The Guardian and AP reported the death; the NYT provided the fullest accounting of his contradictory legacy.
X hip-hop communities are split — tributes to the TR-808 pioneer and Zulu Nation founder clash with voices demanding acknowledgment of the 2016 abuse allegations.
Afrika Bambaataa died on April 9 in Pennsylvania from complications of prostate cancer. He was 68 years old — eight days short of his 69th birthday — and he died carrying more of hip-hop's origin story than any single person should have been asked to hold. [1]
Born Kevin Donovan in the Bronx in 1957, he took the name Afrika Bambaataa from a 19th-century Zulu chief and built around it a mythology that hip-hop needed in the 1970s: a framework that said the music, the dancing, the graffiti, and the DJing were not chaos but culture. He founded the Universal Zulu Nation in 1973 as an alternative to gang life, channeling South Bronx rivalry into what he called the four elements of hip-hop. He is widely credited with coining the term itself. [1]
His 1982 collaboration with Soulsonic Force produced "Planet Rock," which fused Bronx block-party tradition with electronic sounds borrowed from Kraftwerk and a Roland TR-808 drum machine. [2] It was not the first hip-hop record. It was the record that told hip-hop what it could become — that the genre was wide enough to contain both the street and the synthesizer. The TR-808 bass kick that anchored "Planet Rock" went on to anchor essentially every genre of popular music that emerged in the following four decades.
The reckoning arrived in 2016, when multiple men came forward to allege that Bambaataa had sexually abused them as minors in the 1970s and 1980s, during the period of the Zulu Nation's founding and growth. He denied the allegations. No criminal charges were filed. [2] He stepped back from the Zulu Nation's leadership, but the organization never fully grappled with the claims, and Bambaataa never fully addressed them. The accusations remained unresolved at the time of his death.

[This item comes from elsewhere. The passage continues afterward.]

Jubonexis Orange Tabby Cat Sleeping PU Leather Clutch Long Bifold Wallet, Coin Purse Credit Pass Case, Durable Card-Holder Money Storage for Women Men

What to do with a founder who is also an accused abuser is a question hip-hop has not answered — and one that every cultural institution eventually faces. The music he helped create is now a $12 billion industry. The question of what he did to make it exists alongside that number, not beneath it. [1]
He was, as the Bronx knew him: the DJ who made the party, and the man who cast a shadow over it.